Micro$oft Biz'droid Lusers (was: OT email response format)

From: Douglas H. Quebbeman <dquebbeman_at_acm.org>
Date: Wed Apr 24 06:26:51 2002

> On Tue, 23 Apr 2002, Fred Cisin (XenoSoft) wrote:
> > On Tue, 23 Apr 2002, Richard Erlacher wrote:
> > >
> > > > such as when Bill Gates said, "The 80286 is brain-dead." ?
> > >
> > > Did he really say that? I can't imagine what he'd have meant. Perhaps he was
> > > mad at the Intel folks.
> >
> > Yes, he did.
> > Also, Gordon Letwin (author of OS/2 at Microsoft) compared mode
> > switching of the 286 to having to shut off your engine to change gears
> > on the freeway.
>
> Interesting you bring up Gordon Letwin...I picked up a copy of his book
> _Inside OS/2_ last Friday at the annual library book sale.

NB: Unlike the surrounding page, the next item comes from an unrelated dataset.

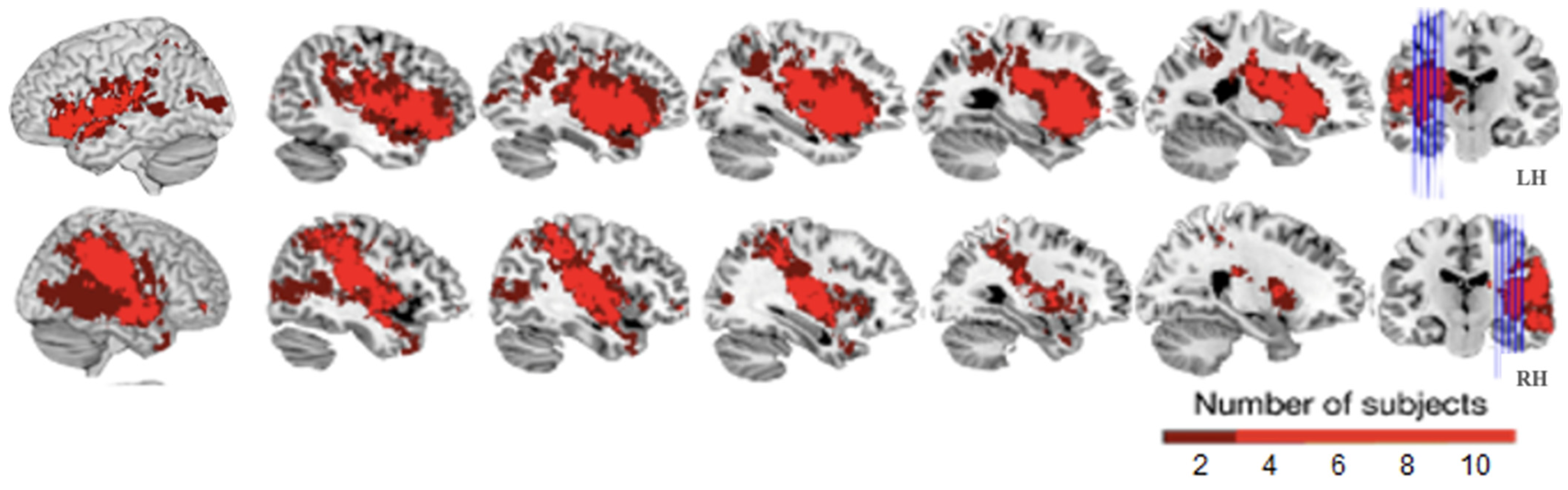 Brainsci 11 00474 g001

I haven't
> started to read it yet, so I hope it was worth the $1 it cost me.

OS/2 is/was a nice OS, but it embraced some architectural flaws
that persist in Windows and are part of of makes Windows a sucky
operating system. Gordon is obviously very proud of his many
pronoucements in the book, such as his belief that GPF indicates
a program bug and your program must therefore be terminated.

GPF is just a fault condition, and can be programmically used
to implement OS features. What OS/2 and Windows call dynamic
linking isn't dynamic linking at all, for example.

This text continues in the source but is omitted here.